And we’re sucking down the world’s water with a giant straw. The water made to produce what we eat and wear, to run our lives, and the water we waste equals about 1058 gallons per day per person in North America and Europe. People living in Asia use about 320 gallons per day.

How is this possible? Let’s see, it takes 37 gallons of water to produce a cup of coffee, 1800 gallons of water to produce a pound of beef, and about 410 gallons per pound of rice and 160 per pound of wheat. That cotton dress shirt you’re wearing while you read this at work—it took 660 gallons of water to make it. Dyeing a tee shirt and finishing it prepping it so that it’s ready to hang in your favorite department or outdoor store. It took all the water for 70 people for one day just for that phase of your tee shirt’s life, which doesn’t include growing the cotton for it, harvesting the cotton, washing it, spinning it into thread, and so on. Meanwhile there are 700 million Chinese people drinking contaminated water each day, and the Portland Oregon water supply, often considered the cleanest in the country, at times has acetaminophen, ibuprophen, caffeine and other drugs in it according to the Portland Water Bureau. Big brands consume up to 43,000 Olympic pools of drinking quality water each year to make your stuff, and it takes water to make nearly everything

So how do you measure your water footprint? And then how do you reduce it?

Dr Arjen Hoekstra, Professor in Multidisciplinary Water Management at the University of Twente in the Netherlands says, in an interview with CNN, that there are two approaches: ”One is to substitute types of consumption articles for other ones, which take less water — like going from a meat-based diet to a vegetarian one, drinking tea instead of coffee, not wearing cotton but a synthetic fiber.” He acknowledges, “This is probably limited, because people don’t shift from meat to vegetarian as they just don’t like not to have beef; or they like cotton.” His other approach: “ Keep the same kind of consumption pattern but when choosing cotton, or when choosing beef, choose the sound one. If [companies] make things more transparent, by citing the precise impact of a certain article on the water system, through the water footprint, you provide that kind of information and you label it somehow, then consumers within the same category have some choice to go in the better direction.”

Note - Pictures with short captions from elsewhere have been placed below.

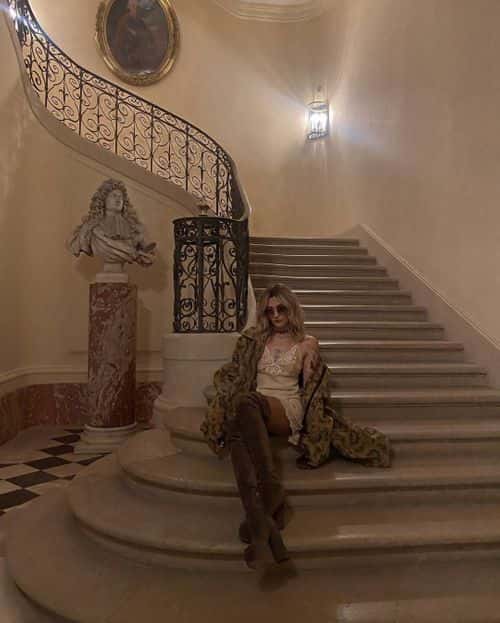 Paris wearing brown knee-high platform boots and a multi-colored floral jacket, hanging over her shoulders (@parisjackson/Instagram)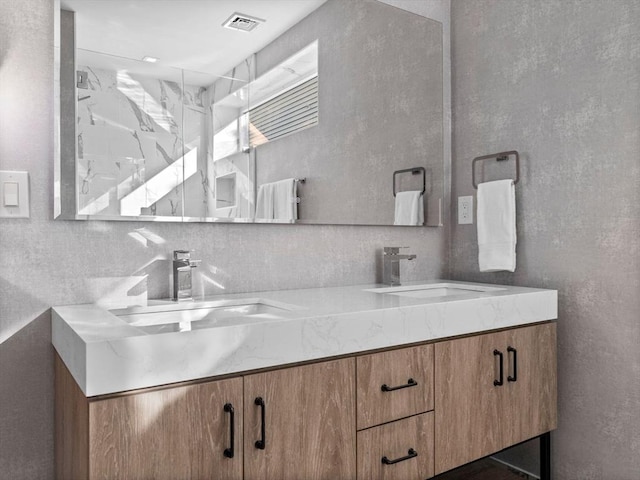 full bathroom featuring double vanity, tasteful backsplash, visible vents, and a sink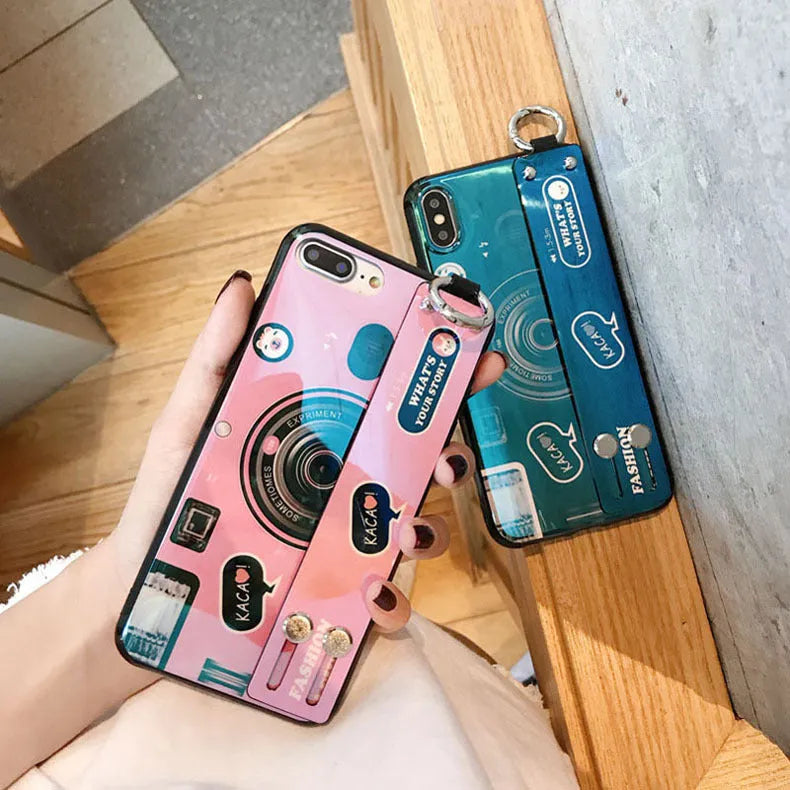 TPU iPhone case with retro camera design in blue or pink, back cover style, optional wrist strap.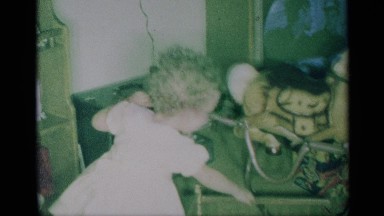 1959: childhood memory of a girl playing with her toys in her room and feeding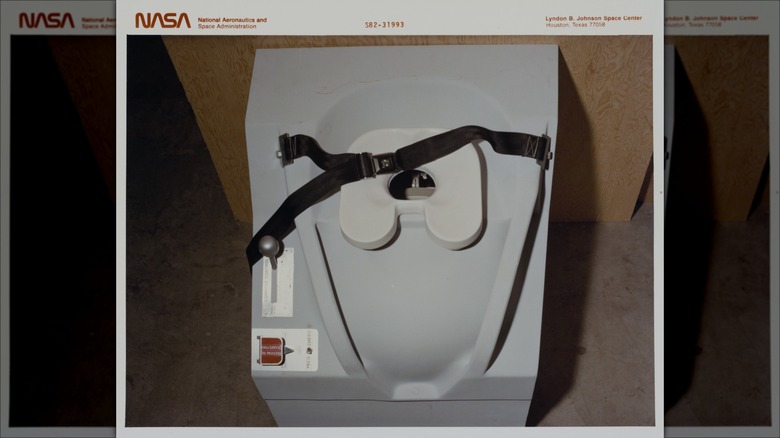 NASA toilet with strap
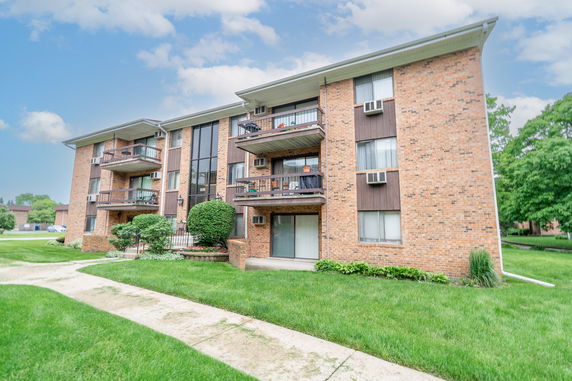 Front view of a three-story brick apartment building with balconies and air conditioning units.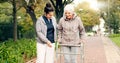 Senior woman, walker and nurse outdoor in a park with healthcare for elderly exercise. Walking, healthcare professional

WE’re not there yet–but in the mean time you can get a better understanding of your own water footprint. At Waterfootprint.org you can find out how much water most people use for drinking, cooking, and cleaning, and calculate the footprint of the foods you eat each day. For example, an apple a day may keep the doctor away—with a flood. It has consumed about 19 gallons by the time it reaches your lips!